PENULIS: Novita Ratna Deviani, Miftahun Ni’mah, Lailil Wakhidatus Solikha, Faizatul Fitria

ISBN: 978-623-7208-36-5
Penerbit : Guepedia Publisher
Ukuran : 14 x 21 cm
Tebal : 103 halaman
Harga : Rp64.000

Sinopsis :

Kumpulan cerpen

ANKUR: Ngatiyem yang tipe idealnya terperangkap pada tubuh Ankur, si pemuda hindustan yang benci kaum muslim.

ANDUK: Perjuangan gadis SMA yang memutuskan menjadi dukun.

BENING: Gadis Jawa yang terancam jadi fakir karena punya pembimbing seperti Ong Jin Woo.

GEMI: Si pembuat onak yang selalu diperlakukan baik oleh Kana Keswari.

LUKA: Pemuda yang memutuskan untuk menjadi polisi saat ayahnya sendiri dibunuh oleh polisi.

SURGA LEBIH DEKAT: Menceritakan tentang kembimbangan seorang gadis saat mengenal dua orang pria dalam hidupnya yang berbeda keyakinan.

CENTANG DUA: Tentang seorang gadis yang selalu merasa diabaikan.

DALAM DOA KEBENCIAN: Tentang seorang gadis yang kembali membuka kenangan lama setelah mendengar nama perempuan yang pernah ia benci mengudara dalam acara yang ia pandu.

DEAR ALLAH: Cerita tentang tiga hal yang datang dalam mimpi seorang gadis dan dua diantaranya menjadi nyata.

AKU BUKANLAH AISYAHMU: Tentang perempuan yang terlibat dalam cinta terlarang. Sekuat hati ia menolak perasaan tersebut.

VILA: Petualangan dua sahabat dengan uang terbatas dan hanya bermodal handphone lowbat.

TSUKI: Gadis mungil bertopi merah, menapaki aspal demi recehan.

ANAK KAMPUNG: Takdir baik akhirnya datang pada gadis kampung yang selalu diremehkan.

BELAJAR DARI SEORANG MURID: Guru kimia yang takjub pada muridnya yang akhirnya hapal Al-Quran.

JANGAN TAKUT BERMIMPI: Kisah bagaimana mimpinya keluar negeri menjadi kenyataan.

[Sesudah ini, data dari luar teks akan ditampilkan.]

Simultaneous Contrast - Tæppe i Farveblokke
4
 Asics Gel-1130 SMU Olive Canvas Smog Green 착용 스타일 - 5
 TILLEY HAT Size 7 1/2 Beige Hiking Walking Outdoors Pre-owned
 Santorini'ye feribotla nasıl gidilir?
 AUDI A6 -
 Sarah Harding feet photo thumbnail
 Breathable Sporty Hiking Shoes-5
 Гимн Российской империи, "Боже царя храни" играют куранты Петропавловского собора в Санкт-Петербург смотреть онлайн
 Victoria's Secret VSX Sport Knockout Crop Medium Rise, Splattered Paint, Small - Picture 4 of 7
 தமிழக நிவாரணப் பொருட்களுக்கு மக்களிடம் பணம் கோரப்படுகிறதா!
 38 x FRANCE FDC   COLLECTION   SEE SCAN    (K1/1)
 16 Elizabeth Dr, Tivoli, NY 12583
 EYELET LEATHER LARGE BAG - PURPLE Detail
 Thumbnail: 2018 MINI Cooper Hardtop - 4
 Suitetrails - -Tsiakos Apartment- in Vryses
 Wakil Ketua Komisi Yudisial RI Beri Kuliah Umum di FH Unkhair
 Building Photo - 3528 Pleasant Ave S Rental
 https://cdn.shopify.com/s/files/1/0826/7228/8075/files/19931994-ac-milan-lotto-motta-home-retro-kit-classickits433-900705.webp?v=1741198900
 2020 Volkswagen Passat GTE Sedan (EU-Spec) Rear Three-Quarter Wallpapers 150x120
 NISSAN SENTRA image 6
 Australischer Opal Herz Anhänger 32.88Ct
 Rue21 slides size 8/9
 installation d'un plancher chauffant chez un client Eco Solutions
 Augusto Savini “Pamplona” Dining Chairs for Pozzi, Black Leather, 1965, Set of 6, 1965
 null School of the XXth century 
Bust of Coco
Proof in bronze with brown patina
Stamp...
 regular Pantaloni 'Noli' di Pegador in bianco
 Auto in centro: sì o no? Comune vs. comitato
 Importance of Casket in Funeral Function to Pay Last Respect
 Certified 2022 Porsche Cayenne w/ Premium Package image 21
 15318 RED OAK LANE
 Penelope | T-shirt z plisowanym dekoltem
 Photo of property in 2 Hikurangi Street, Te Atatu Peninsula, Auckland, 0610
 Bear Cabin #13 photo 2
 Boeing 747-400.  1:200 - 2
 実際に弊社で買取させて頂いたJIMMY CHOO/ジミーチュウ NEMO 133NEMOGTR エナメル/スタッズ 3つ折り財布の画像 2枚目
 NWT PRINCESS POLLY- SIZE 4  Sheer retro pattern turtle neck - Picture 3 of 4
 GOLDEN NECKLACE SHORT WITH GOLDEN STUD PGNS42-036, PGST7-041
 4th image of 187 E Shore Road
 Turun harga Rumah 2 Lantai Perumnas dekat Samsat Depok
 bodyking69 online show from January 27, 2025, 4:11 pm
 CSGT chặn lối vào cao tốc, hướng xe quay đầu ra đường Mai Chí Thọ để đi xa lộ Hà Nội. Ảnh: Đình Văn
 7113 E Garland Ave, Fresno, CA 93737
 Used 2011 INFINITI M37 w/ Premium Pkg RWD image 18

KARENA DENGANNYA AKU MERASA SURGA LEBIH DEKAT


Miftahun Ni’mah


“Aku sudah bertunangan.” ucapnya ringan.
Kalimat sederhana itu masih menjadi beban dalam benakku. Berputar-putar di dalam
kepala bagai lebah entah mengintari apa. Suaranya pun masih terngiang-ngiang tak karuan.
Kedua mata masih tertutup. Terasa berat untuk membukanya bukan karena rasa kantuk tapi
hati yang masih tersayat perih seolah enggan untuk menerima kenyataan. Mengingatnya seperti
menabur garam di atas luka, kulit yang berdarah.
Ku raih sebuah guling di sebelah kananku. Kuletakkan ia tepat di atas kepala, menutup
seluruh bagian wajah termasuk kedua mata. Aku ingin larut dalam tidur panjang. Sendiri dalam
gelap. Mencari tempat agar jauh dari dia dan semua berita tentangnya namun di mana aku bisa
menemukan tempat itu? Adakah alam lain selain tempatku bernapas pagi ini?
Haruskah aku mati agar seluruh organ yang ada di dalam tubuhku berhenti untuk bekerja. Memikirkan, mengingat dan menyebut namanya. Apakah kematian adalah jalan satu-satunya agar jiwa ini bisa merasakan kedamaian? Lalu bagaimana dengan siksa kubur?
Sungguh nyali ini menciut ketika harus mengingatnya. Aku manusia biasa yang masih berlumur dosa. Terlebih dalam agama ku bunuh diri adalah hal yang dilarang.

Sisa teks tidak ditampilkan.